I thought about this before. Issue with the FOID is instead of registering the firearm, you're now registering the person. And you can't have firearms without the FOID. So if a person just has one gun for their lifetime, they have to continue to get FOIDs while they own their gun.
Filling out forms is a PITA and could be more efficient.
The obvious breakdown in the current system is a person could have already purchased a number of guns under individual pistol and long gun permits. Then suppose they become addicted to meth, have an untreated mental health problem, etc.
That person has no need to go out and buy another gun should they be planning on creating havoc. They are already in possession of firearms.
Without a mechanism to update their status with regards to being a safe, responsible gun owner, they will fly beneath the radar until they get caught doing something illegal. At that point, you're locking the barn door after the cows have gotten out.
If they "register the person," as you said, then there would be a background check and review of medical records periodically assuming the person wants to continue owning guns. As it stands, that doesn't happen in HI without the submission of another permit application.
RAPBACK was supposed to fill this void, as sort of a running background check system. Anything that's reported to the system regardless of the state it happened in is updated in RAPBACK, and HPD is notified. HPD can then decide if a review of the individual's fitness to own guns needs to take place.
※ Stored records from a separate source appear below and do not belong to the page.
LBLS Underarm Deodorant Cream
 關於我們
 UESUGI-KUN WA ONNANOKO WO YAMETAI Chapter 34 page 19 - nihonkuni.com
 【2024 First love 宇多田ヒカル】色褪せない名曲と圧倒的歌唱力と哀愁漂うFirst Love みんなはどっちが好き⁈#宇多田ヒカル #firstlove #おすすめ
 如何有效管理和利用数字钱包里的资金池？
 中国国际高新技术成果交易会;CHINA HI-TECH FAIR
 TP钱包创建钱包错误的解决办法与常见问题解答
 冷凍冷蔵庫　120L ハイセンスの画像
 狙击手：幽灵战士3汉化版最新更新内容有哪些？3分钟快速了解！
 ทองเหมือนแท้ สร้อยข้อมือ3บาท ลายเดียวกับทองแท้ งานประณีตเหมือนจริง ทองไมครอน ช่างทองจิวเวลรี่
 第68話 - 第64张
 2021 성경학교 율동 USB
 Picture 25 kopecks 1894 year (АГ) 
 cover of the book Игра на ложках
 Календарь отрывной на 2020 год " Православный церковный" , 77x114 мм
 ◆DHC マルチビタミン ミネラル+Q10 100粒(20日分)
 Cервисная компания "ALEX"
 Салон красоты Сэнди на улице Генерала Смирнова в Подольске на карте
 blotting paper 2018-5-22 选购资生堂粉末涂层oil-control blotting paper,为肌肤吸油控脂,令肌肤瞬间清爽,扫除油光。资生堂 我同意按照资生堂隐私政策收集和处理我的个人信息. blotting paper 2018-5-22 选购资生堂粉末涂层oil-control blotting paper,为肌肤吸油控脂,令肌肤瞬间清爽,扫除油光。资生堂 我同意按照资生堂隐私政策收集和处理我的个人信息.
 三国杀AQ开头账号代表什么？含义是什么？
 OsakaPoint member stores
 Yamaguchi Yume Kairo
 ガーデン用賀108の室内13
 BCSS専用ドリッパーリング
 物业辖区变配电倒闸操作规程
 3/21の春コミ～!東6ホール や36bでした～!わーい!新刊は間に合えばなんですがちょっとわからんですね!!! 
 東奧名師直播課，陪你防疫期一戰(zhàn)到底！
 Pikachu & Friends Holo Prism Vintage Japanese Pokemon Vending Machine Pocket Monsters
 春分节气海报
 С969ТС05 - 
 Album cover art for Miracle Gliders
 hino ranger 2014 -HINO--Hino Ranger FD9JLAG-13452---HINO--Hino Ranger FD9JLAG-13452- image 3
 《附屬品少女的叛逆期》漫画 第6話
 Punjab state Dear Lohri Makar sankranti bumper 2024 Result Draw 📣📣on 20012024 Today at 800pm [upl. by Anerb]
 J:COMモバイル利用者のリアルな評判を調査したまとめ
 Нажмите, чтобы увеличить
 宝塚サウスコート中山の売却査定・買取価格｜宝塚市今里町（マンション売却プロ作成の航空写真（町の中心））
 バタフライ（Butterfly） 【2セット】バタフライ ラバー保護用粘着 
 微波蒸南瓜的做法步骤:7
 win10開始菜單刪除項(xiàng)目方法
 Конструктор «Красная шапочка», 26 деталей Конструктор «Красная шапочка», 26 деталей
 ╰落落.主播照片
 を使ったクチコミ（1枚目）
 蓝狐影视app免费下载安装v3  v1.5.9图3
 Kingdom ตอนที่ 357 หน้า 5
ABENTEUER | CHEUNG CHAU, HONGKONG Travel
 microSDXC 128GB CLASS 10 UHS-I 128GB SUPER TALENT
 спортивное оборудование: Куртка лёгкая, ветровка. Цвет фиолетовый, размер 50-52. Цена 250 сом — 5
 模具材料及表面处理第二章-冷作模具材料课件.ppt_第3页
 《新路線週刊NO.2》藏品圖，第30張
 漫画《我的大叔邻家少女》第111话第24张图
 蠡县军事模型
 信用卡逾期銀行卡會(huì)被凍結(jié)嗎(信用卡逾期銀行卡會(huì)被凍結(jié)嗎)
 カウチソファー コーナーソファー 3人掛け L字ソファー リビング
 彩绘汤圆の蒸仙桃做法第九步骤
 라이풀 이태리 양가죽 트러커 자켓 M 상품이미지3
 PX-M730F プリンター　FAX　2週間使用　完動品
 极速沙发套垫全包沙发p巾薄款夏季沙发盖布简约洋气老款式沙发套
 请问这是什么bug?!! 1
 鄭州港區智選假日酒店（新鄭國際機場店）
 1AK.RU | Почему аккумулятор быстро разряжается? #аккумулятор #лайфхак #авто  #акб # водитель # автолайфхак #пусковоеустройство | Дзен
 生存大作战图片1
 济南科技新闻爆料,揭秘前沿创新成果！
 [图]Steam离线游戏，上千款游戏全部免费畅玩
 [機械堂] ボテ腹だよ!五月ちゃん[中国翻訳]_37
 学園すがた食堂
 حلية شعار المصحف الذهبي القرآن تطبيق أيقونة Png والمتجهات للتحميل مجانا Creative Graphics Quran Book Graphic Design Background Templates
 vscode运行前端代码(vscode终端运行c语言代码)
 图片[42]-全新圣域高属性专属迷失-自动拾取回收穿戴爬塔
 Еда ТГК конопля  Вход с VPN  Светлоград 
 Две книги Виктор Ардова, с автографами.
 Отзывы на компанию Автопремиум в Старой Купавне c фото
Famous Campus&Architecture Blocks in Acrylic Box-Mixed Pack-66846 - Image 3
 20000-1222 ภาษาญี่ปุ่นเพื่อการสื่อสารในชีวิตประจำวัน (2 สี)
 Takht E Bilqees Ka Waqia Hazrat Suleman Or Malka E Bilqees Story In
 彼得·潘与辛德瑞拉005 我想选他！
Of course, RAPBACK has never been implemented for gun owners as far as I have seen, but it does focus on a potential solution for the permit problem -- identify adverse changes more often than "whenever they buy another gun -- if ever."
I think an FOID would be a good compromise between total 2A freedom and what we have now. Walk into a gun shop with a current FOID, and leave with whatever you want to buy -- no wait period required.
That's the other stupid thing. Why enforce a 2 week waiting period for someone who already owns firearms? Is that newly acquired gun the one we ought to care about as opposed the 30 he already has at home?